• 1 14-ounce package extra-firm tofu, drained and pressed*
  • 1 batch homemade BBQ sauce, or 1 cup store-bought BBQ sauce
  • 1 package Dr. Praeger’s Sweet Potato Hash Browns
  • 1 cup dry corn grits
  • 1/4 cup nutritional yeast
  • 1 teaspoon salt
  • 1/2 teaspoon black pepper
  • 1-2 tablespoons olive oil or vegan butter
  • 1 bunch collard greens, thinly sliced
  • 2 cloves garlic, minced
  • 1/2 teaspoon smoked paprika
  • 1/4 teaspoon liquid smoke
  • 1/2 cup pickled onions (optional)


Serves: 4
Cook Time: 45 minutes

  1. Preheat oven to 400F. Lightly grease a baking sheet.
  2. Chop tofu into 1-inch cubes. Place onto the baking sheet in a single layer. Bake for 20-25 minutes, until crispy. Place tofu in a large bowl. Add BBQ sauce; stir to coat tofu evenly.
  3. Increase oven heat to 450F. Prepare Dr. Praeger’s Sweet Potato Hash Browns according to package directions.
  4. While the tofu and hash browns are baking: in a medium saucepan, add 3 cups water; bring to a boil. Add corn grits; reduce heat to simmer and cook for 5 minutes, stirring. Remove from heat. Add nutritional yeast, salt, and pepper; stir.
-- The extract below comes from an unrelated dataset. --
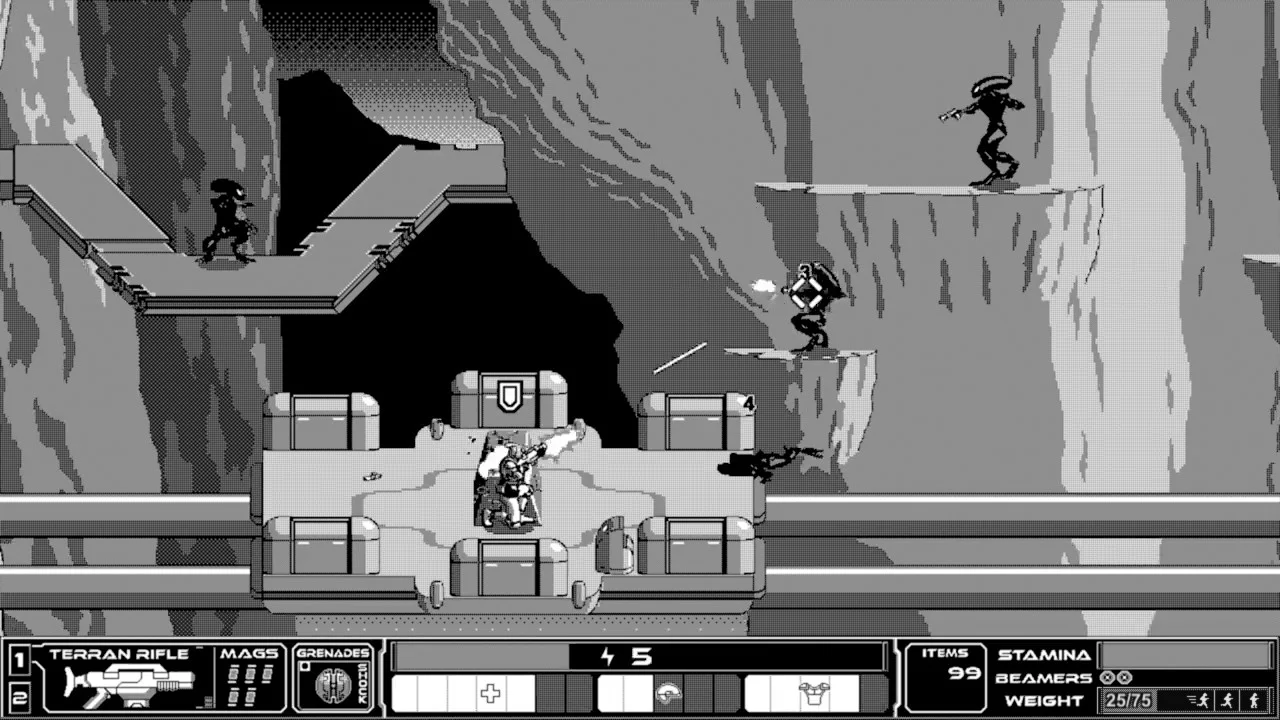 Изображение игры: Rogue Invader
  5. In a medium skillet over medium heat, add oil or vegan butter. When hot, add collard greens. Cook for 5-7 minutes, stirring. Add garlic; cook for 1 minute, making sure not to burn the garlic. Add paprika and liquid smoke; season to taste with salt and pepper.
  6. To arrange bowls, add tofu, sweet potato hash browns, grits, and collard greens. Top with pickled onions, if desired.